Lebih jaih Hendardi.mengatakan, Presiden Jokowi tidak menangkap pesan Putusan Mahkamah Konstitusi No. 18/PUU-V/2007, tertanggal 21 Februari 2008, yang pada intinya penentuan kualifikasi pelanggaran HAM berat yang terjadi sebelum tahun 2000 bukanlah domain DPR.
Tetapi kewenangan Komnas HAM dan Kejaksaan Agung, yang tanpa menunggu keputusan DPR, Kejaksaan Agung memulai suatu proses
penyidikan. Tugas DPR kemudian hanyalah merekomendasikan pembentukan pengadilan HAM kepada Presiden RI.
Dengan demikian, jalan penyelesaian yudisial sebenarnya tidak ada kebuntuan, kalau Jokowi bisa mendisiplinkan Jaksa Agung untuk melanjutkan tahap penyidikan atas hasil kerja Komnas HAM.
Faktanya, Jaksa Agung selalu berlindung, menunggu adanya keputusan DPR. Pembentukan UU KKR, semestinya pula bisa diakselerasi, jika Jokowi mampu mendisiplinkan jajaran pemerintahannya plus partai-partai pendukungnya.
Merevisi UU Minerba, UU KPK, bahkan membahas UU Cipta Kerja, Jokowi dan jajarannya bisa melakukan dengan begitu cepat.
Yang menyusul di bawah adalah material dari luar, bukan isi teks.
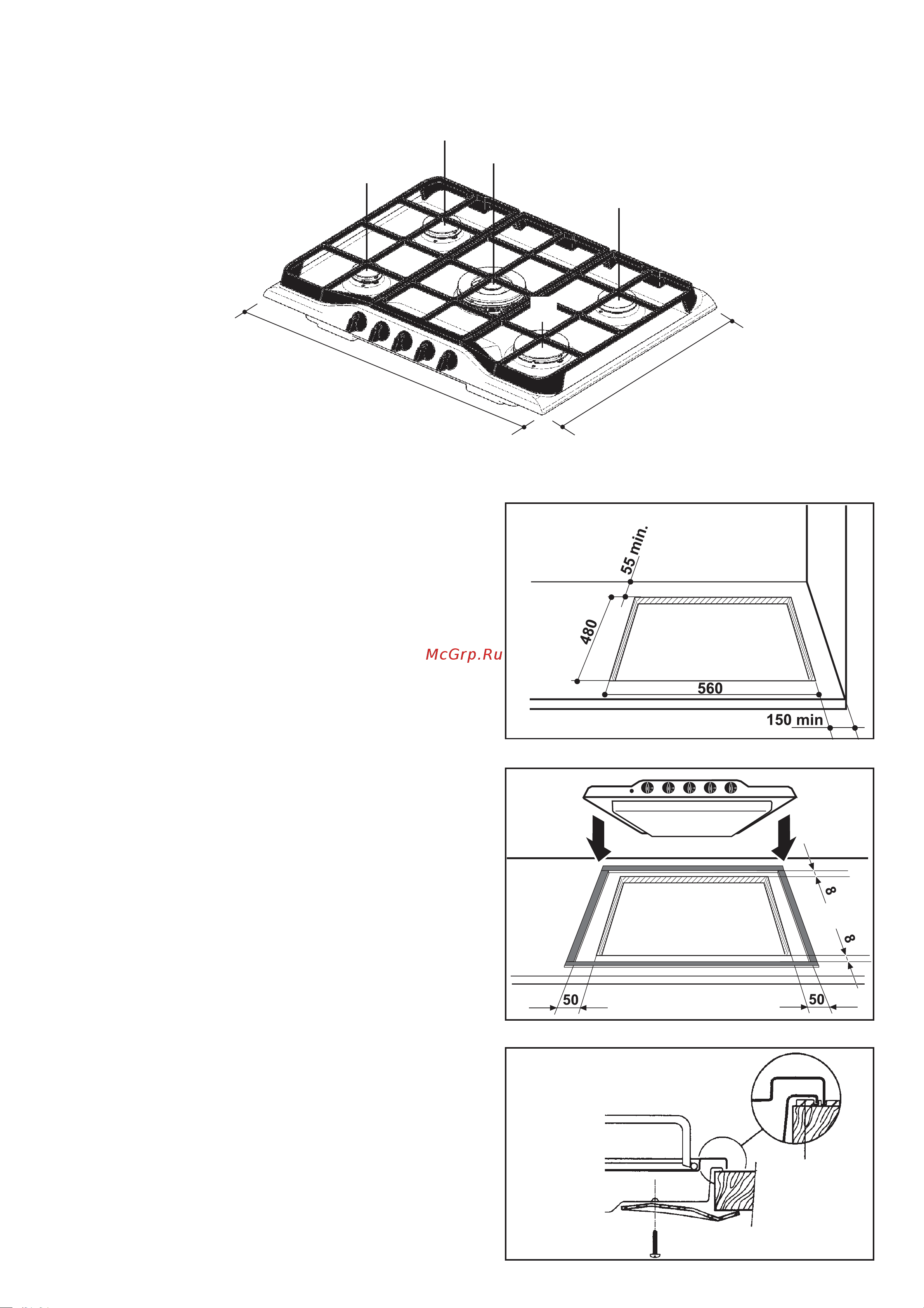 Electrolux EHG 7762 X [11/13] Встраивание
Mengapa untuk KKR Jokowi terus menunda?
Menurut Hendardi, Klaim bahwa jalan yudisial masih bisa dijalankan secara paralel adalah kosmetik politik yang ditujukan untuk melemahkan penentangan atas ide Keppres ini.
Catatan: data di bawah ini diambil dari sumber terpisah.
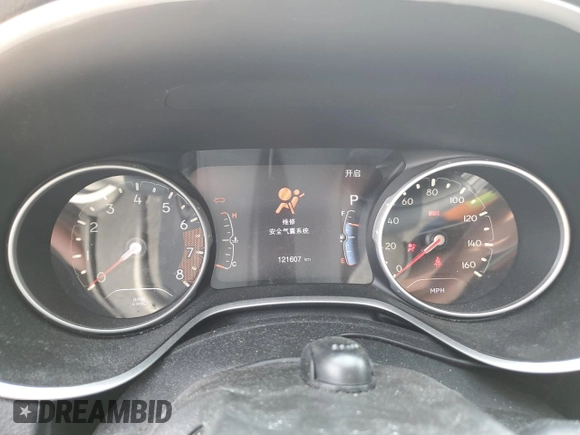 2018 Jeep Compass Latitude with VIN 3C4NJCBBXJT339470, listed as a Copart auction lot 61000055 with 75,563 mi miles and Salvage title. Bid and sale history available at DreamBid. Image 9.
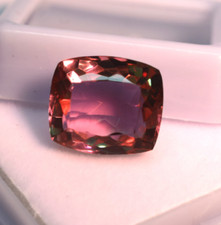 12 CT Natural Color Changing Alexandrite Loose Gemstone Cushion Cut Certified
Judul Keppres saja penyelesaian non-yudisial, maka peristiwa pelanggaran HAM berat itu dianggap sudah selesai. Seharusnya, pilihan yudisial atau non yudisial ini adalah produk akhir setelah sebuah komisi yang mengungkap kebenaran
pelanggaran HAM berat selesai bekerja.
Bukan sejak awal ditetapkan jalur non
yudisial, karena itu artinya menegasikan jalan keadilan yang lebih obyektif, yakni jalur yudisial. Dari seluruh jejak advokasi penyelesaian pelanggaran HAM Berat
”Masa Lalu, tampak Presiden Jokowi-lah yang paling lemah secara kepemimpinan, sehingga ide dan rencana pemutihan pelanggaran HAM bisa diakomodasi dan menjadi kebijakan Presiden,”katanya.
Posisi Mahfud MD dan Jaleswari Pramodhawardani dapat dipahami dan sudah seharusnya membela produk kerja Presiden Jokowi, sekalipun itu berpotensi memanipulasi keadilan.